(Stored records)
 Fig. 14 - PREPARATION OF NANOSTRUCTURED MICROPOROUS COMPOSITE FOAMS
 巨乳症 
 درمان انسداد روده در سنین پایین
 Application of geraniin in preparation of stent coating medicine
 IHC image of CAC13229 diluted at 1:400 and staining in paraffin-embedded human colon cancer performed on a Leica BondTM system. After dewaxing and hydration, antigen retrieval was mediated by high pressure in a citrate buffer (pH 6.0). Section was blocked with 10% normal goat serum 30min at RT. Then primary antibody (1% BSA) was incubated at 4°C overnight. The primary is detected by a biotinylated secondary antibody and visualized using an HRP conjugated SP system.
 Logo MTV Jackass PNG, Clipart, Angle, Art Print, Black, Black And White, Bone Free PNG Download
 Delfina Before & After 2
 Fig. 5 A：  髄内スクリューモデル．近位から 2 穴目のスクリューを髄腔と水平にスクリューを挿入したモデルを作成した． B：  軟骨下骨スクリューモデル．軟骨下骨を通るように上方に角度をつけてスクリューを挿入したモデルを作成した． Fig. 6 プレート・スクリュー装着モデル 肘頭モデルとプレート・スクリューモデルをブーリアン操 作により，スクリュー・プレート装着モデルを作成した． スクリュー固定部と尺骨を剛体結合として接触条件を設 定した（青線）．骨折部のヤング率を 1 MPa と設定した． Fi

◆ **Instructions for the task**:
With nothing added or dropped, reproduce all the data exactly.

◆ **Task answer**:
 Fig. 14 - PREPARATION OF NANOSTRUCTURED MICROPOROUS COMPOSITE FOAMS
 巨乳症 
 درمان انسداد روده در سنین پایین
 Application of geraniin in preparation of stent coating medicine
 IHC image of CAC13229 diluted at 1:400 and staining in paraffin-embedded human colon cancer performed on a Leica BondTM system. After dewaxing and hydration, antigen retrieval was mediated by high pressure in a citrate buffer (pH 6.0). Section was blocked with 10% normal goat serum 30min at RT. Then primary antibody (1% BSA) was incubated at 4°C overnight. The primary is detected by a biotinylated secondary antibody and visualized using an HRP conjugated SP system.
 Logo MTV Jackass PNG, Clipart, Angle, Art Print, Black, Black And White, Bone Free PNG Download
 Delfina Before & After 2
 Fig. 5 A：  髄内スクリューモデル．近位から 2 穴目のスクリューを髄腔と水平にスクリューを挿入したモデルを作成した． B：  軟骨下骨スクリューモデル．軟骨下骨を通るように上方に角度をつけてスクリューを挿入したモデルを作成した． Fig. 6 プレート・スクリュー装着モデル 肘頭モデルとプレート・スクリューモデルをブーリアン操 作により，スクリュー・プレート装着モデルを作成した． スクリュー固定部と尺骨を剛体結合として接触条件を設 定した（青線）．骨折部のヤング率を 1 MPa と設定した． Fi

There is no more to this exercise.